In order to provide a suitable root environment for cultivated plants the soil must be constructed in such a way as to allow good gaseous exchange, whilst holding adequate reserves of available water. There should be a high water infiltration rate, free drainage and an interconnected network of spaces allowing roots to find water and nutrients without hindrance. There should be no large cavities that prevent thorough contact between soil and roots and allow roots to dry out in the seedbed. The soil should be managed so that erosion is minimized. Good structural stability should be maintained so that the structure does not deteriorate and limit crop growth.

Porosity
The plant roots and soil organisms live in the pores between the solid components of the growing medium. In the same way that a house is mainly judged by the living accommodation created by the bricks, wood, plaster, cement, etc., so a soil is evaluated by examining the spaces created.
Figure 17.12 Tilth. The ideal tilth for most seedbeds is made up of soil aggregates between 0.5 and 5 mm diameter. Within these crumbs are predominantly small pores (less than 0.05 mm) that hold water and between the crumbs are large pores (greater than 0.05 mm) that allow easy water movement and contain air when soil is at field capacity (×5 actual size).
Figure 17.12 Tilth. The ideal tilth for most seedbeds is
made up of soil aggregates between 0.5 and 5 mm diameter.
Within these crumbs are predominantly small pores (less than
0.05 mm) that hold water and between the crumbs are large
pores (greater than 0.05 mm) that allow easy water movement
and contain air when soil is at field capacity (×5 actual size).
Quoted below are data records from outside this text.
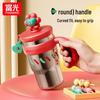 Fuguang 700ml Insulated Tumbler with Straw and Handle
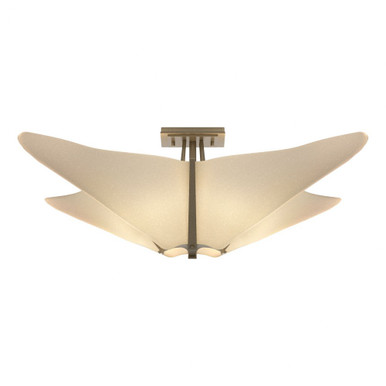 Kirigami 4 Light 22.5 Inch Wide Semi Flush Mount by Hubbardton Forge - 123305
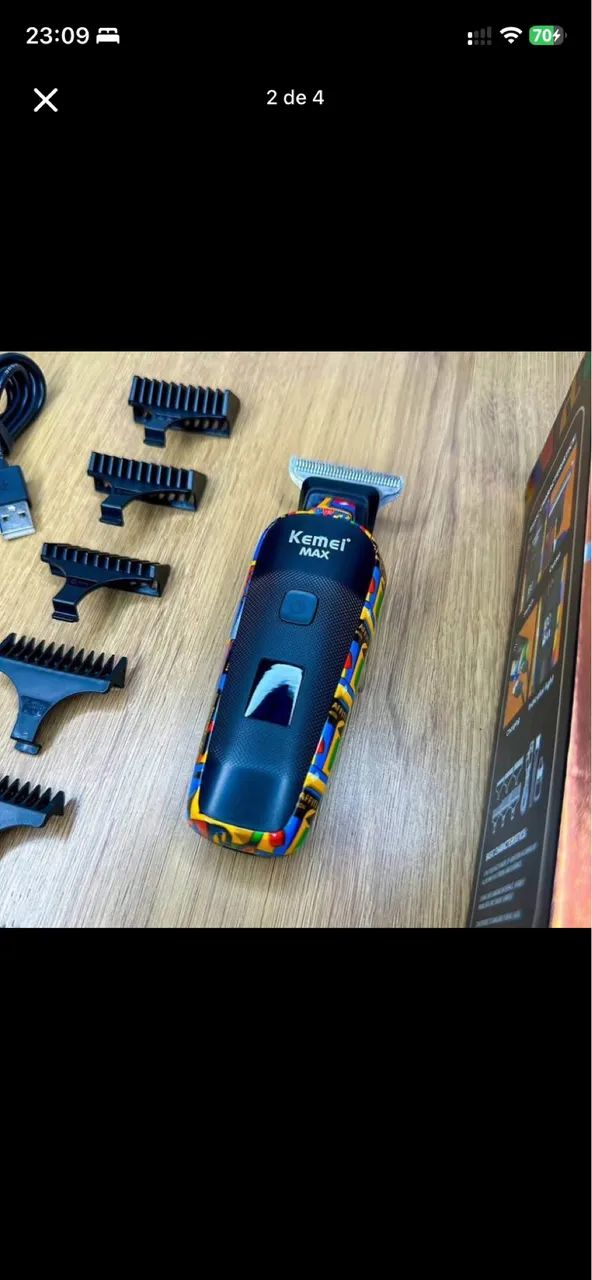 Máquina de Cabelo KEMEI KM-MAX5090 - Foto 2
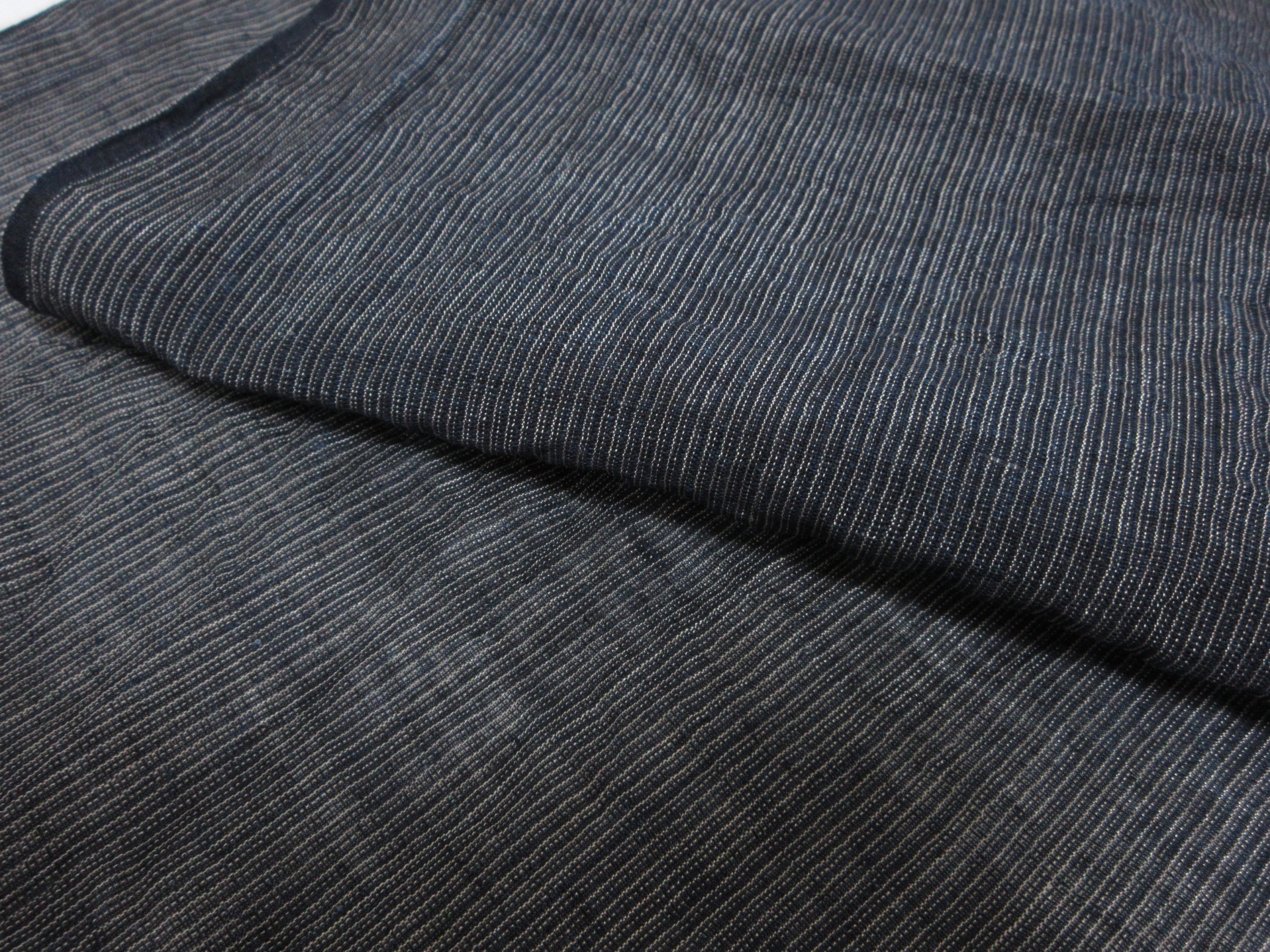 takamasa hosobaRihanna Vintage Japanese Indigo Linen Fabric / Aizome / Asa / Shima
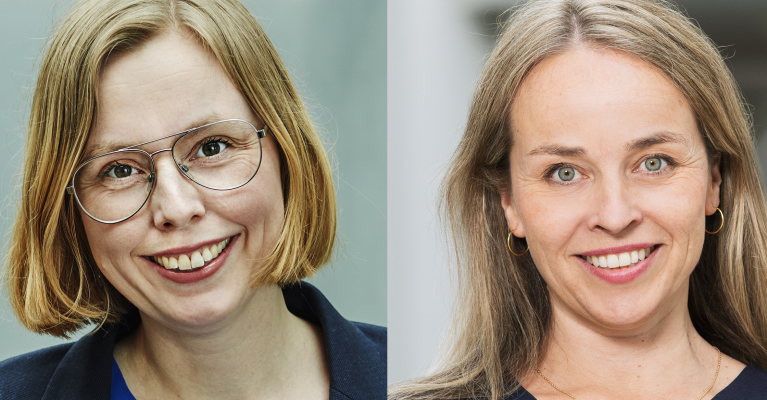 Rannveig Kaldager Hart og Kristin Engh Førde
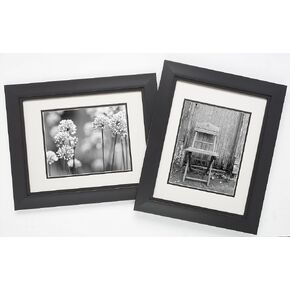 Old Town 2pk 11x14 Designer Frames, Walnut Step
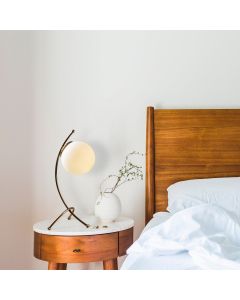 OPVIQ Stona lampa Yay 5012, braon/bela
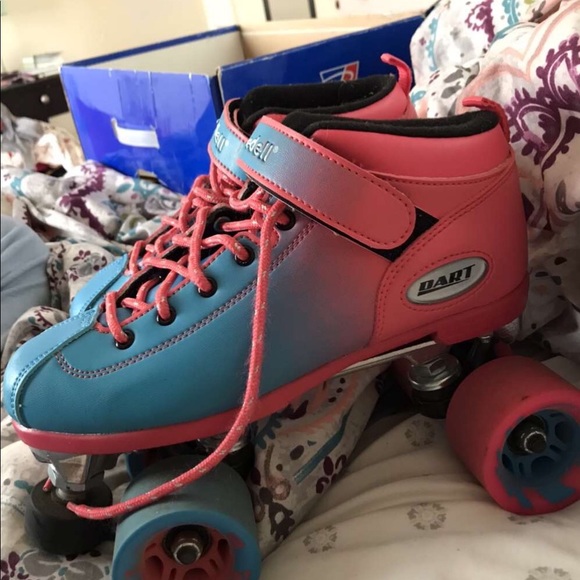 [SOLD] Riedell Ombré Dart Roller Skates - Picture 2 of 5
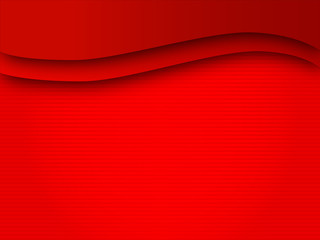 Background wave lines red field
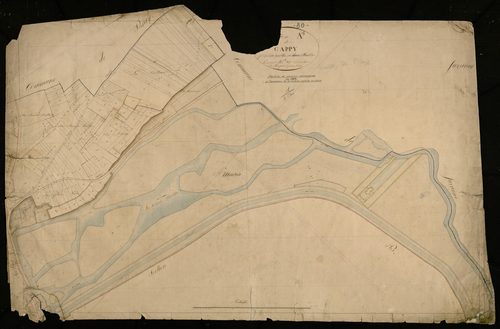 Plan du cadastre napoléonien - Cappy : A1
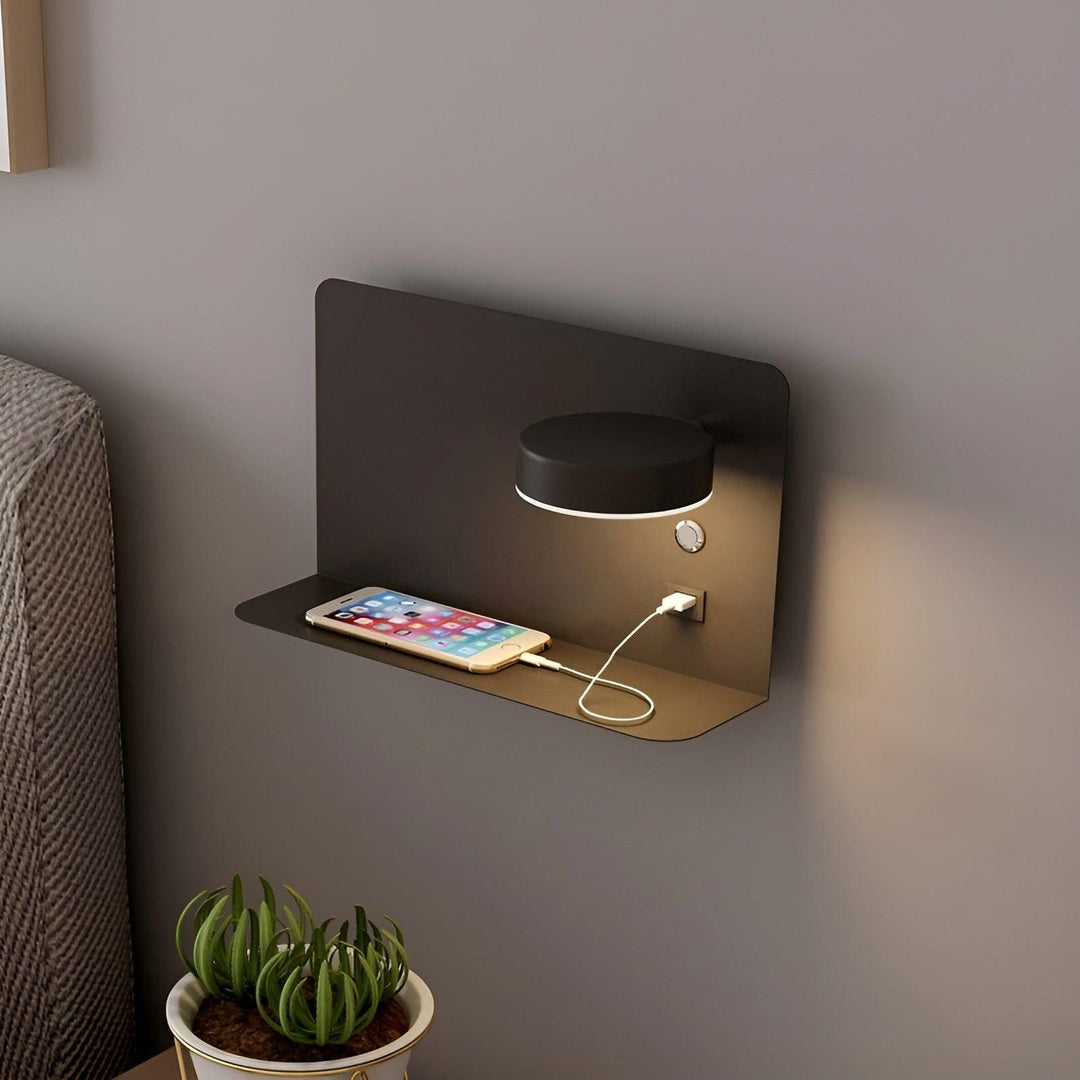 Lampa ścienna LED z funkcją ładowania USB – Miękkie, Ciepłe Światło z Przełącznikiem Włącz/ Wyłącz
Pores greater than about 0.05 mm in diameter, called macropores, can drain easily to allow in air within hours of being saturated (i.e. fully wetted), whereas the smaller pores, micropores continue to contain only water. The roots remove more water from these micropores allowing more air back into the soil (see soil water). Ideally, there should be a mixture of pore sizes allowing good water holding, free drainage, gaseous exchange and thorough root exploration, as shown in Figure 17.12.

An important indicator of a satisfactory growing medium is its air-filled porosity or air capacity, i.e. the percentage volume filled with air when it has completed draining, having been saturated with water.

Bulk density is the mass of soil per unit volume and it can be measured by taking a core of soil of known volume and weighing it after thorough drying. In normal mineral soils results are usually between 1.0 and 1.6 g/ml. The difference is largely attributable to variation in total pore space. Finer textured soils tend to have more pore space and therefore lower bulk density than sands, but for all soils higher values indicate greater packing or compaction.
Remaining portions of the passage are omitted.